For the foregoing reasons, we conclude that the legislature clearly intended to allow DCF to petition for an extension of commitment pursuant to § 46b-129 (e) even where a petition to terminate parental rights has been filed and is pending. This interpretation avoids bizarre and unworkable results and advances the policies that underpin the statute.

The judgment is affirmed.

In this opinion the other judges concurred.

General Statutes § 46b-129 (d) provides in pertinent part: “Upon finding and adjudging that any child or youth is uncared-for, neglected or dependent, the court may commit him to the commissioner of children and families for a maximum period of eighteen months, unless such period is extended in accordance with provisions of subsection (e) of this section . . . .”

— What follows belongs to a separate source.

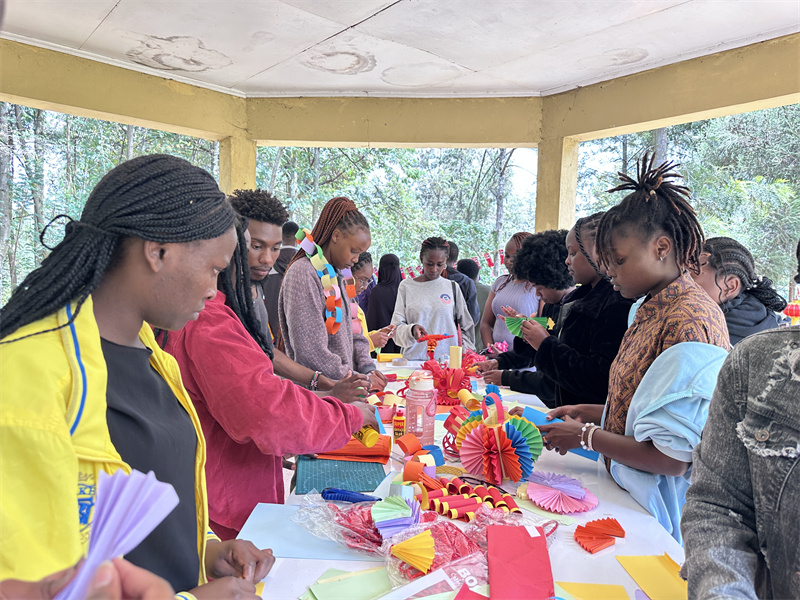 活動(dòng)現(xiàn)場(chǎng)。肯尼亞埃格頓大學(xué)孔子學(xué)院供圖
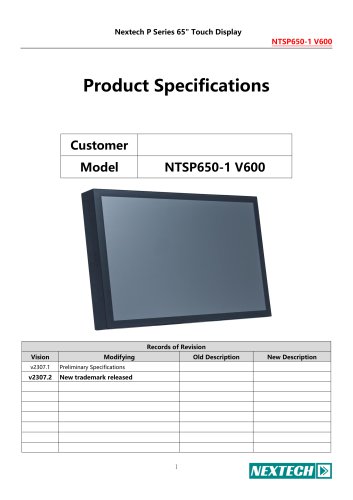 NTSP650-1 V600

General Statutes § 46b-129 (e) provides in pertinent part: “Ninety days before the expiration of each eighteen-month commitment made in accordance with the provisions of subsection (d) of this section and each extension made pursuant to the provisions of this subsection, the commissioner of children and families shall petition the court either to (1) revoke such commitment, in accordance with the provisions of subsection (g) of this section, or (2) terminate parental rights in accordance with the provisions of section 17a-112, or (3) extend the commitment beyond such eighteen-month period . . . .”

General Statutes § 17a-112 (a) provides in pertinent part: “In respect to any child committed to [DCF] . . . the commissioner . . . may petition the court for the termination of parental rights with reference to such child

See footnote 2.

See footnote 1.

The respondents assert that the children would not be returned to the parents if the commitment expires before the termination petition is heard. They argue that DOF could keep custody of the children pursuant to General Statutes § 17a-10 (a). That statute provides that “[a]ny child committed to [DCF] by the superior court shall be deemed to be within the custody of the commissioner until such commitment has been terminated.” They offer no authority or analysis in support of this claim that is contrary to the plain language of the statute.

We are not called upon to decide whether a petition may be filed prior to ninety days before the commitment expires. The respondents’ claim is *374that, while a child is committed, DCF can never pursue both an extension of commitment and a termination of parental rights.